*Your task:* Could you please output all of the records exactly?

*Extracted material:*

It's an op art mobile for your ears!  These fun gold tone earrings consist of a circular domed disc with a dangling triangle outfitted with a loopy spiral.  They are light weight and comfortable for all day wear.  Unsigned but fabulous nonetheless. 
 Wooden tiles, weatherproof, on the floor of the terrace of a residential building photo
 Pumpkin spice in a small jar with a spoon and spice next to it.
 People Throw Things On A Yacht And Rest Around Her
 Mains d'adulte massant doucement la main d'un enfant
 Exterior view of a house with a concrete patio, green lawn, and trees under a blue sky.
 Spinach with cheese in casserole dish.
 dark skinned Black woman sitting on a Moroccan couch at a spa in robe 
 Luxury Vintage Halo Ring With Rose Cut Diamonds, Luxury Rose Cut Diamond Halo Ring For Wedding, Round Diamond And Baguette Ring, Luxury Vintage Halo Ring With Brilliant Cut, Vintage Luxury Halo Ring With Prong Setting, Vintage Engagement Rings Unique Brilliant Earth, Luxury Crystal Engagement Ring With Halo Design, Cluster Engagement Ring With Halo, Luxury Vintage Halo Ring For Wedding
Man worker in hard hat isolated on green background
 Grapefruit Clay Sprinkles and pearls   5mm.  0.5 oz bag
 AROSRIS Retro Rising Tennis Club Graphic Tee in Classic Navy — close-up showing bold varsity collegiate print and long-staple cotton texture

*Reply to the exercise:*
It's an op art mobile for your ears!  These fun gold tone earrings consist of a circular domed disc with a dangling triangle outfitted with a loopy spiral.  They are light weight and comfortable for all day wear.  Unsigned but fabulous nonetheless. 
 Wooden tiles, weatherproof, on the floor of the terrace of a residential building photo
 Pumpkin spice in a small jar with a spoon and spice next to it.
 People Throw Things On A Yacht And Rest Around Her
 Mains d'adulte massant doucement la main d'un enfant
 Exterior view of a house with a concrete patio, green lawn, and trees under a blue sky.
 Spinach with cheese in casserole dish.
 dark skinned Black woman sitting on a Moroccan couch at a spa in robe 
 Luxury Vintage Halo Ring With Rose Cut Diamonds, Luxury Rose Cut Diamond Halo Ring For Wedding, Round Diamond And Baguette Ring, Luxury Vintage Halo Ring With Brilliant Cut, Vintage Luxury Halo Ring With Prong Setting, Vintage Engagement Rings Unique Brilliant Earth, Luxury Crystal Engagement Ring With Halo Design, Cluster Engagement Ring With Halo, Luxury Vintage Halo Ring For Wedding
Man worker in hard hat isolated on green background
 Grapefruit Clay Sprinkles and pearls   5mm.  0.5 oz bag
 AROSRIS Retro Rising Tennis Club Graphic Tee in Classic Navy — close-up showing bold varsity collegiate print and long-staple cotton texture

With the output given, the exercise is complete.